_TASK REQUIREMENTS_:
Please restate the data below word for word, omitting all images.

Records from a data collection
--- --- ---

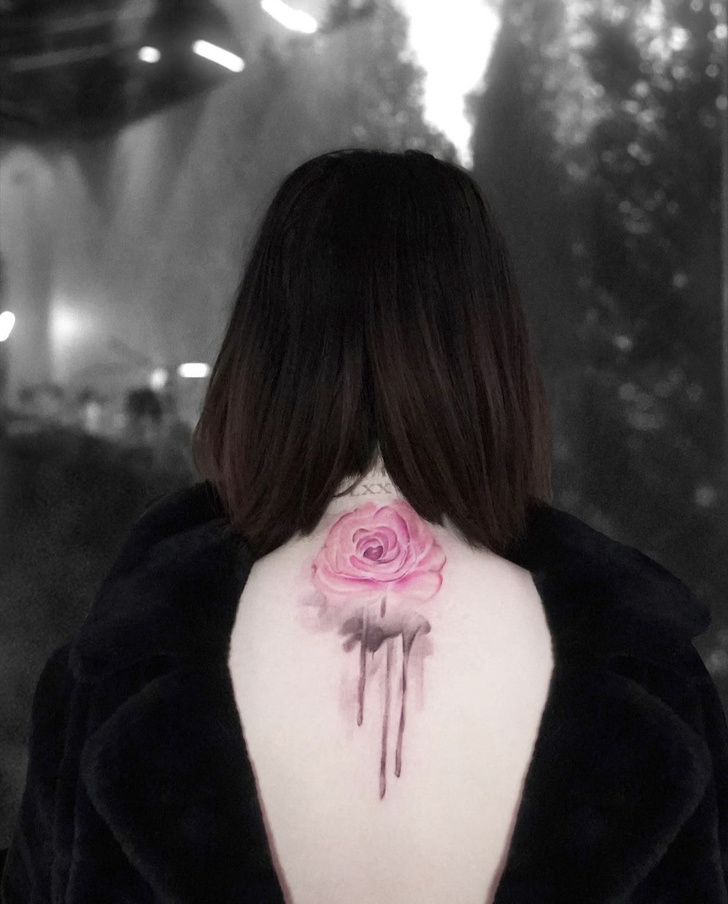 Фото №1 - Селена Гомес объяснила смысл своей «очень личной» огромной татуировки, как у подруги-супермодели
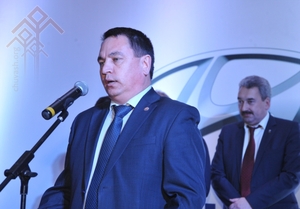 ЧР Элтеперӗн Администрацийӗн ертӳҫи Юрий Васильев автоцентрпа килӗштерсе ӗҫлессе шанать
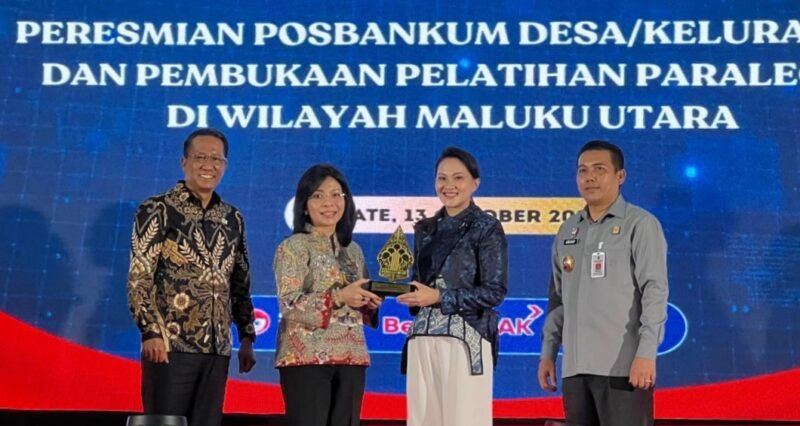 Gubernur Sherly Tjoanda menerima penghargaan dari Kementerian Hukum RI. || dok : Ilham/Kasedata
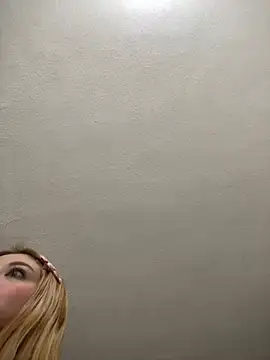 Bunnysweet95 online show from 04/30/26, 08:16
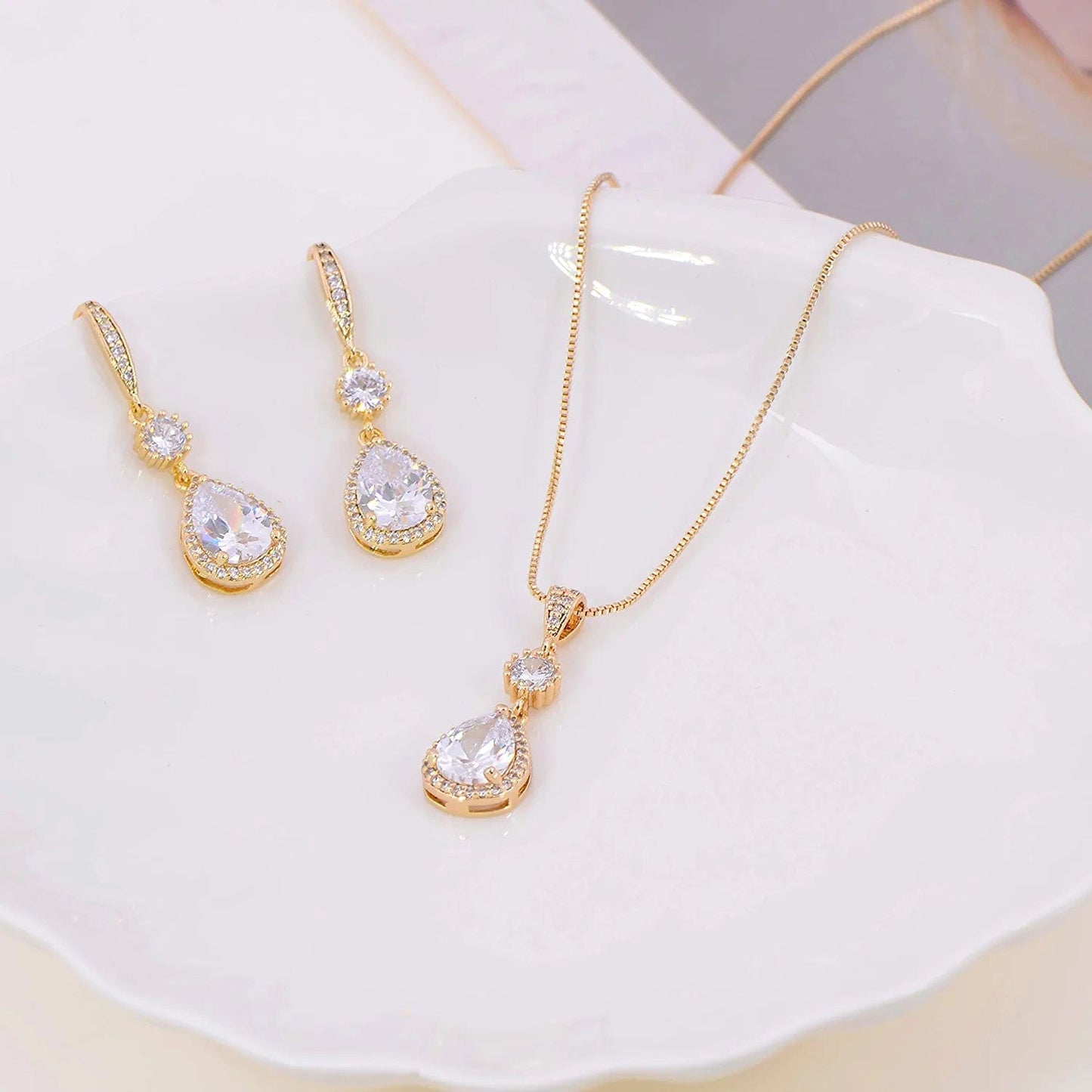 Elegant Jewelry Set for Women - Silver Teardrop Clear Cubic Zirconia Crystal Rhinestone Drop Earrings and Necklace Bridal Jewelry Sets Best Gift for Bridesmaids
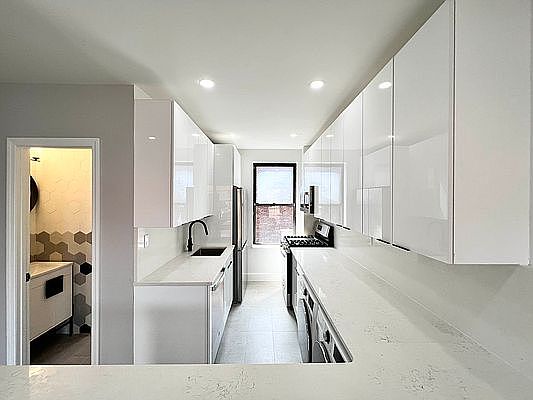 2nd image of 548 W 164th St APT 6A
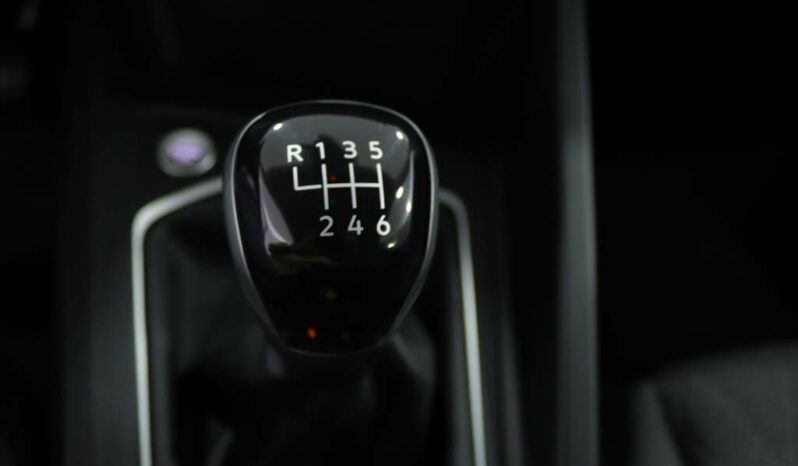 VOLKSWAGEN Golf VIII Variant 2.0 TDI completo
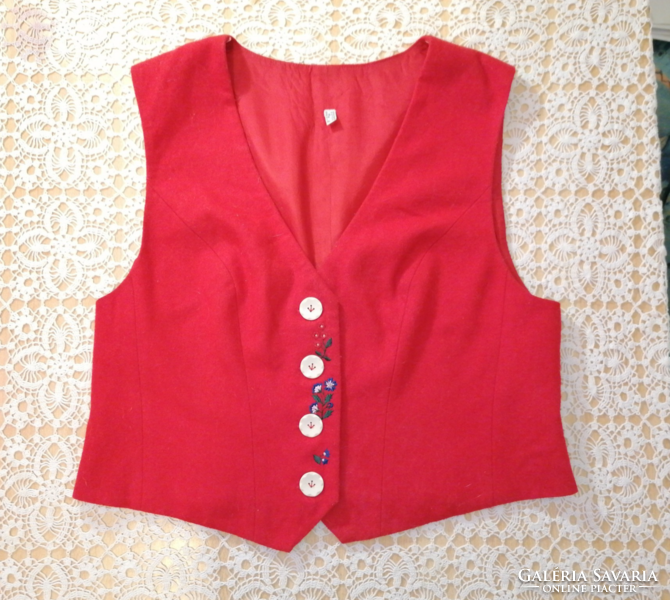 Red Bavarian vest (1012)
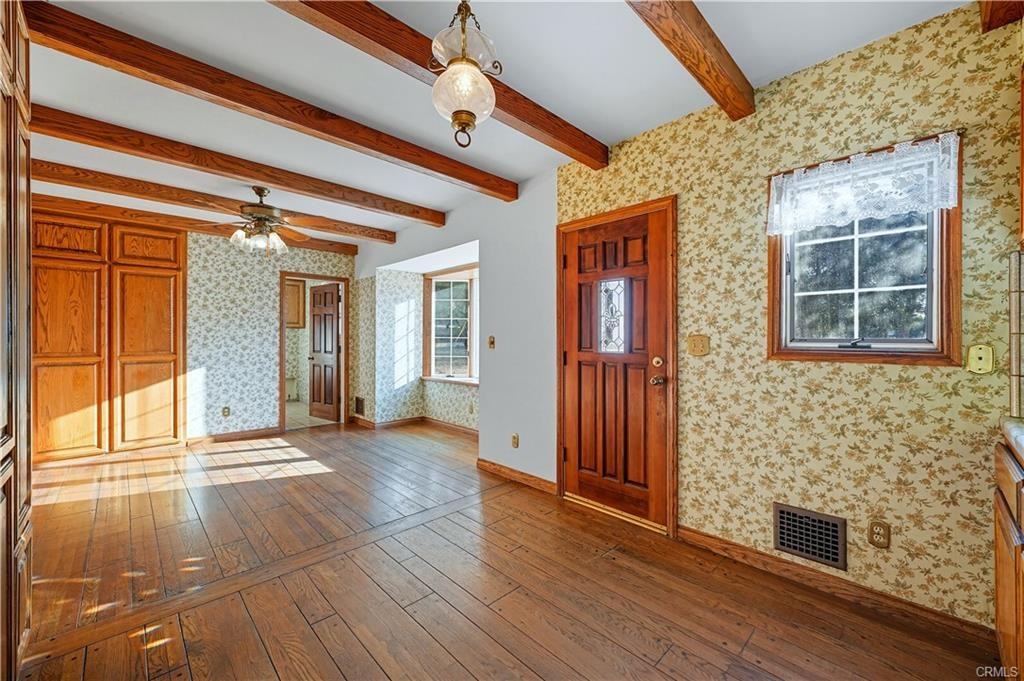 1527 Royal Oaks Dr - Photo 3 of 8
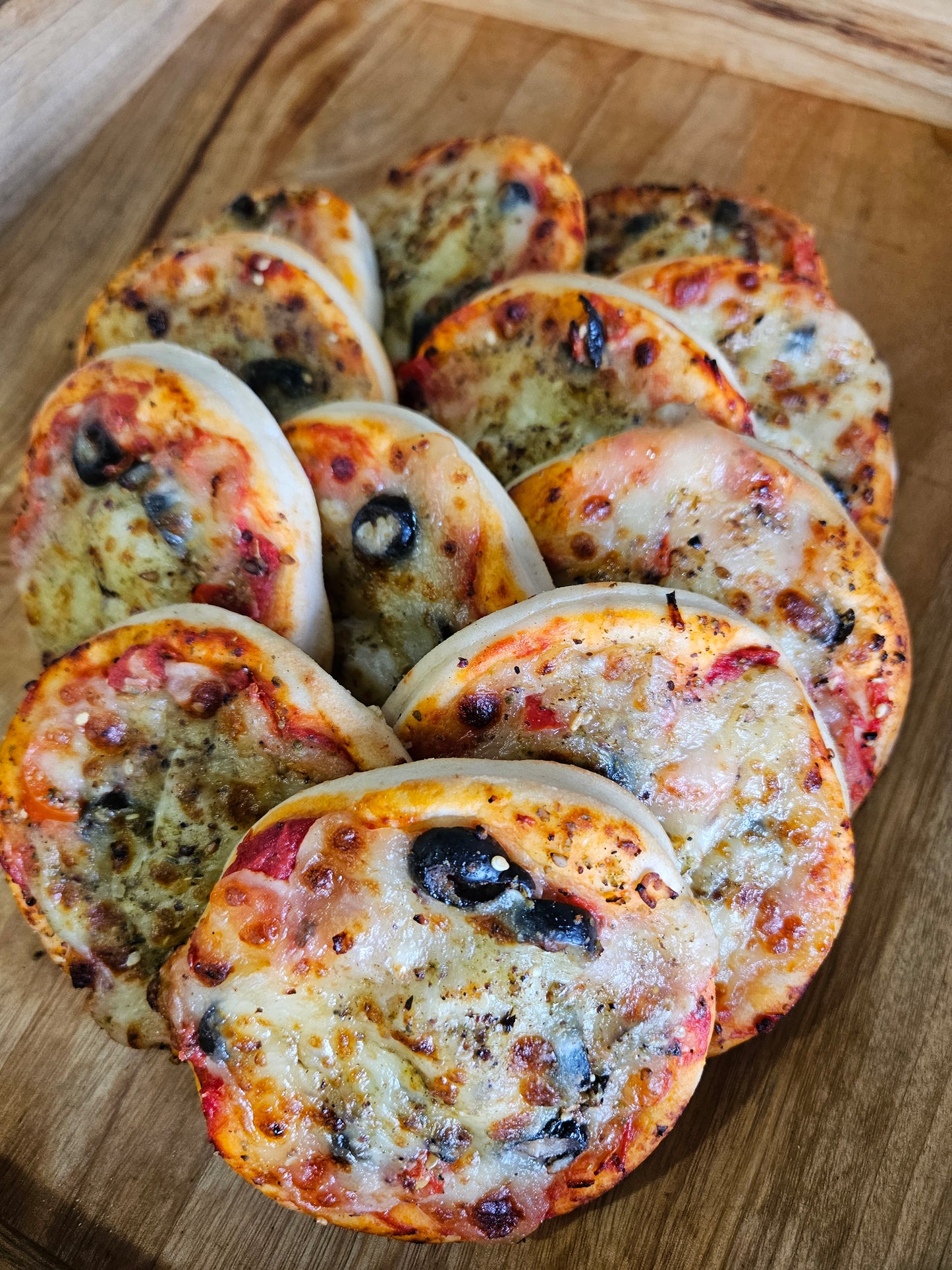 Frozen Mini Vegetarian Pizzas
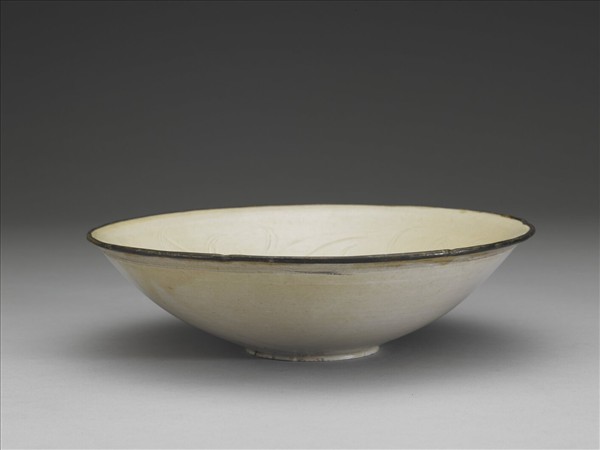 定窯 劃花蓮花葵瓣口碗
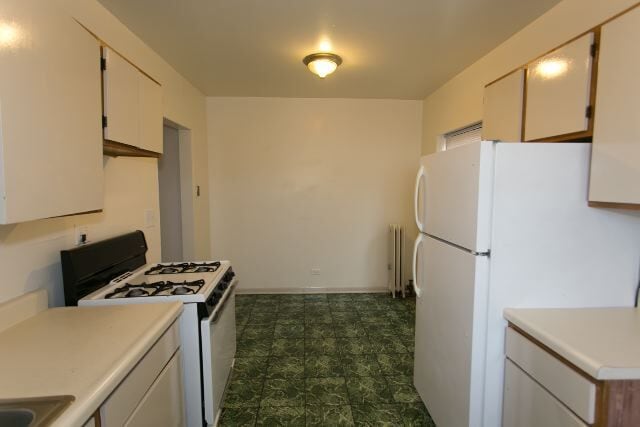 Building Photo - 5746 N Winthrop Ave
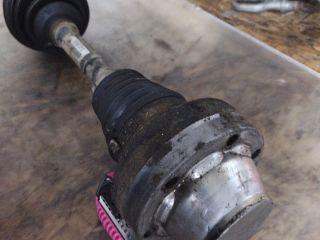 bontott PORSCHE CAYENNE Jobb Féltengely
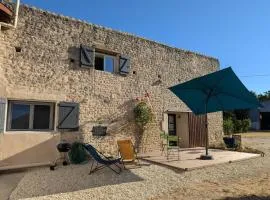 Maison avec parking - Propriété charentaise unique - FR-1-653-297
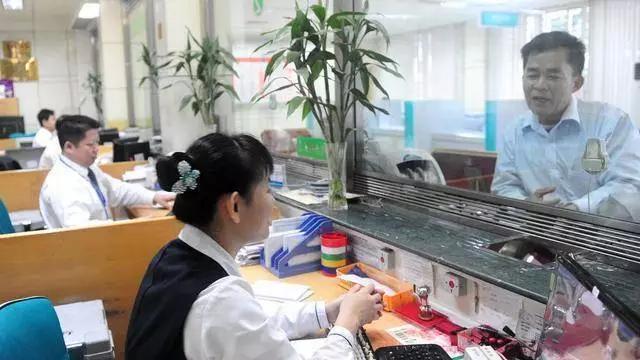 农村商业银行存钱风险很低。它是正规持牌金融机构，受国家金融监管部门严格监管，还纳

--- --- ---

_RESULT FOR THIS EXERCISE_:
 Фото №1 - Селена Гомес объяснила смысл своей «очень личной» огромной татуировки, как у подруги-супермодели
 ЧР Элтеперӗн Администрацийӗн ертӳҫи Юрий Васильев автоцентрпа килӗштерсе ӗҫлессе шанать
 Gubernur Sherly Tjoanda menerima penghargaan dari Kementerian Hukum RI. || dok : Ilham/Kasedata
 Bunnysweet95 online show from 04/30/26, 08:16
 Elegant Jewelry Set for Women - Silver Teardrop Clear Cubic Zirconia Crystal Rhinestone Drop Earrings and Necklace Bridal Jewelry Sets Best Gift for Bridesmaids
 2nd image of 548 W 164th St APT 6A
 VOLKSWAGEN Golf VIII Variant 2.0 TDI completo
 Red Bavarian vest (1012)
 1527 Royal Oaks Dr - Photo 3 of 8
 Frozen Mini Vegetarian Pizzas
 定窯 劃花蓮花葵瓣口碗
 Building Photo - 5746 N Winthrop Ave
 bontott PORSCHE CAYENNE Jobb Féltengely
 Maison avec parking - Propriété charentaise unique - FR-1-653-297
 农村商业银行存钱风险很低。它是正规持牌金融机构，受国家金融监管部门严格监管，还纳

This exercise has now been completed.